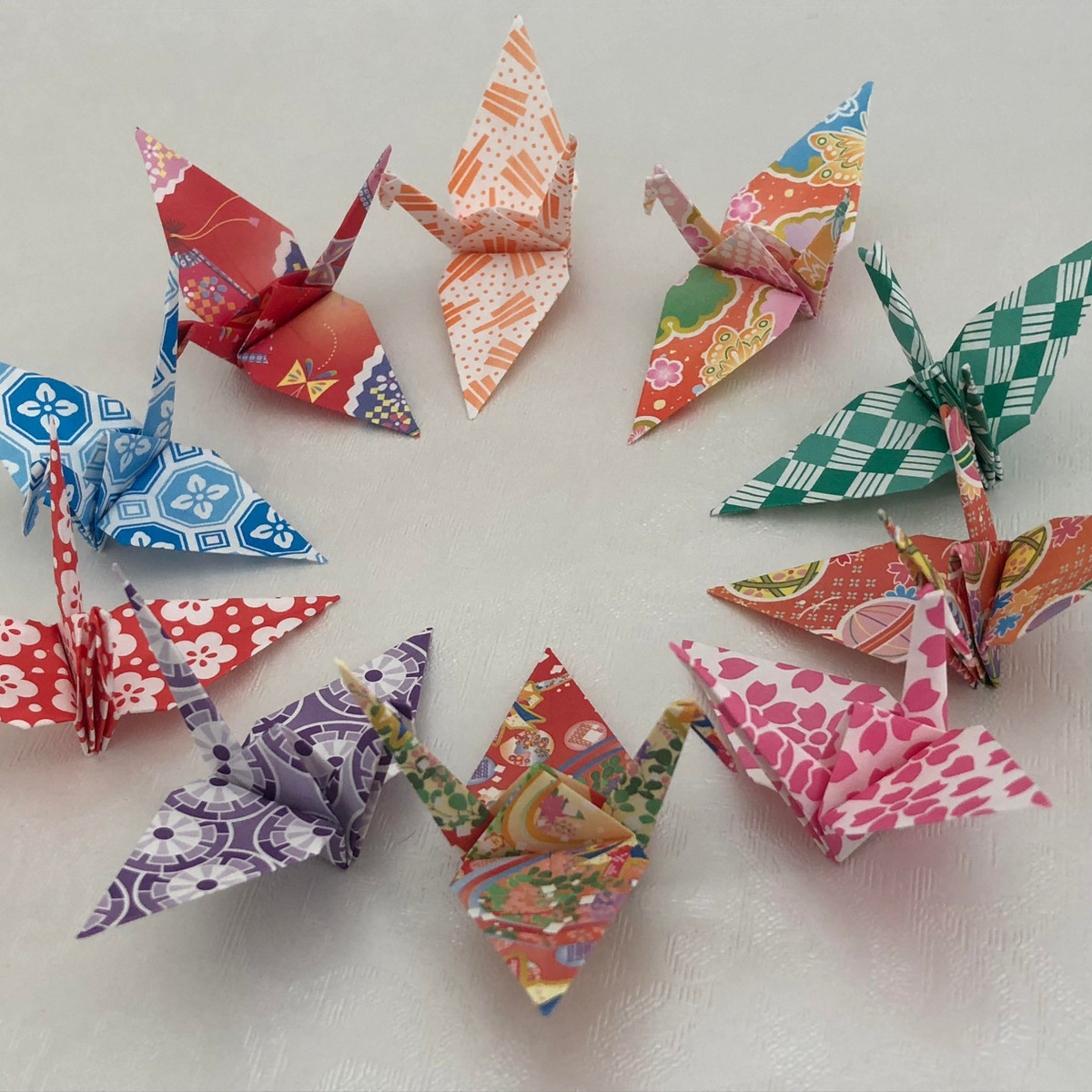 Ngày nay giấy washi vẫn được sử dụng rộng rãi trong đời sống ở Nhật Bản, từ các loại hình nghệ thuật truyền thống như thư pháp, hội họa, origami, làm búp bê... cho đến sinh hoạt đời thường như làm giấy dán tường, ô che mưa, đồ nội thất, thiệp mời đám cưới...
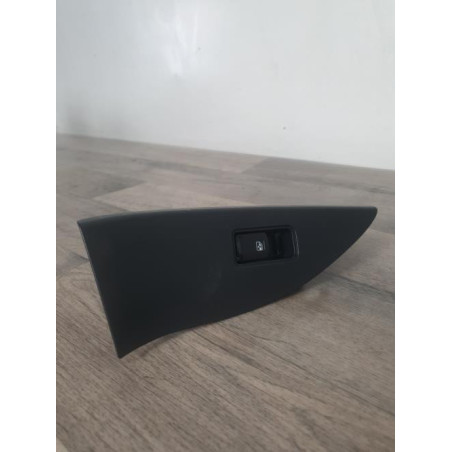Interrupteur de leve vitre arriere droit SUBARU FORESTER 4 d’occasion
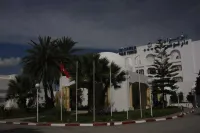 伊扎拉達爾突尼斯酒店
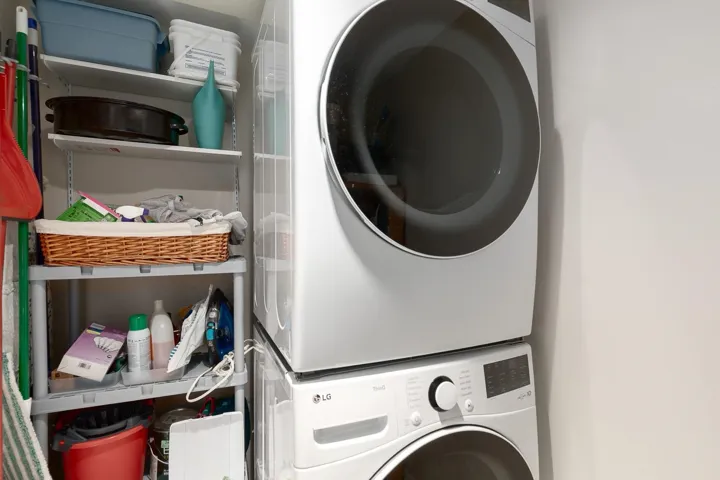 Laundry room/ Pantry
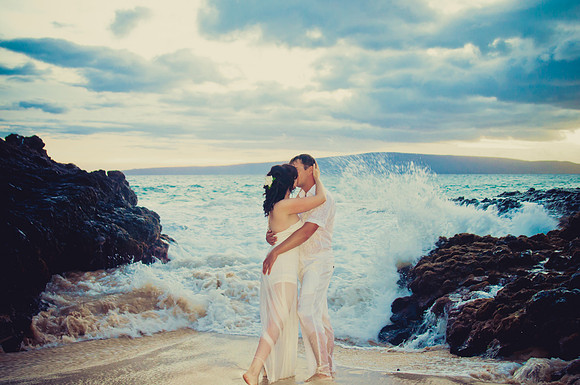 Maui Photographers with Honeymoon Couple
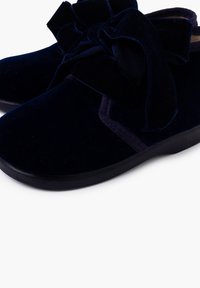 Pisamonas Batukai kūdikiams - azul marino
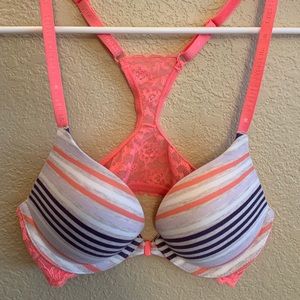 Victoria’s Secret bra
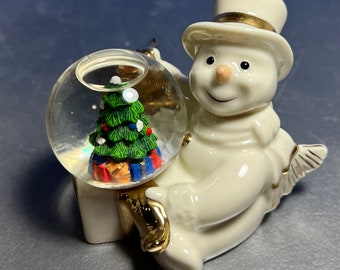 Vintage Late 90’s Lenox Snow Man Sitting With Christmas Tree Globe Present Porcelain Figurine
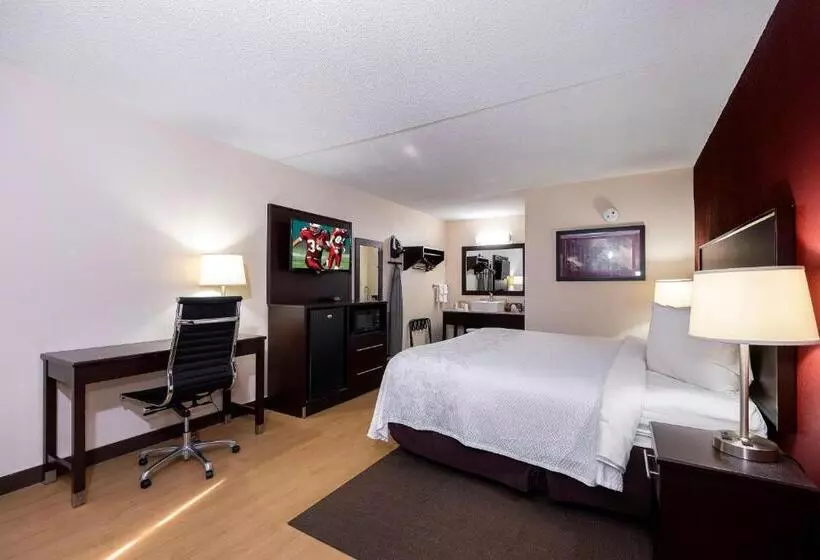 キングサイズベッドのデラックスルーム, Red Roof Inn Plus+ Huntsville – Madison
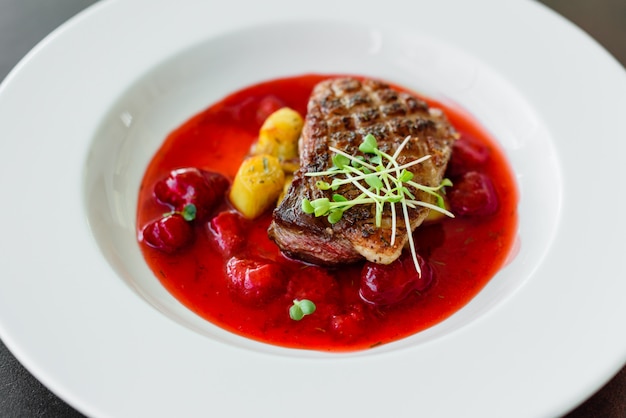 Bistecca di filetto d'anatra con fragole caramellate e melanzane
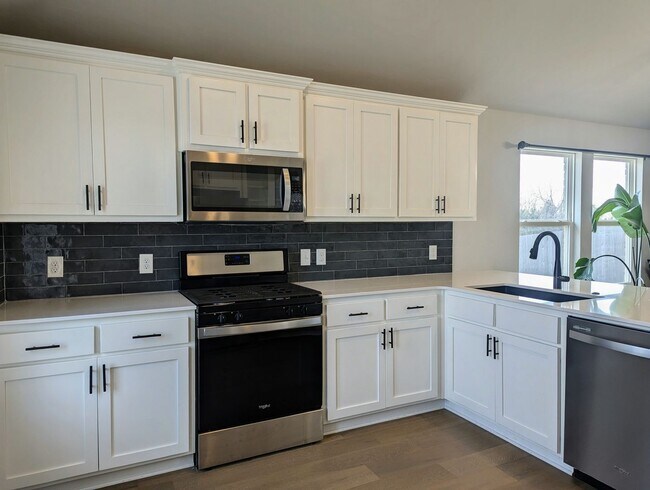 Foto del edificio - Spacious Yukon Home with Storm Shelter, 2-Car Garage & Fenced Yard!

************

Every entry above is to be printed again exactly, pictures omitted.

 Ngày nay giấy washi vẫn được sử dụng rộng rãi trong đời sống ở Nhật Bản, từ các loại hình nghệ thuật truyền thống như thư pháp, hội họa, origami, làm búp bê... cho đến sinh hoạt đời thường như làm giấy dán tường, ô che mưa, đồ nội thất, thiệp mời đám cưới...
Interrupteur de leve vitre arriere droit SUBARU FORESTER 4 d’occasion
 伊扎拉達爾突尼斯酒店
 Laundry room/ Pantry
 Maui Photographers with Honeymoon Couple
 Pisamonas Batukai kūdikiams - azul marino
 Victoria’s Secret bra
 Vintage Late 90’s Lenox Snow Man Sitting With Christmas Tree Globe Present Porcelain Figurine
 キングサイズベッドのデラックスルーム, Red Roof Inn Plus+ Huntsville – Madison
 Bistecca di filetto d'anatra con fragole caramellate e melanzane
 Foto del edificio - Spacious Yukon Home with Storm Shelter, 2-Car Garage & Fenced Yard!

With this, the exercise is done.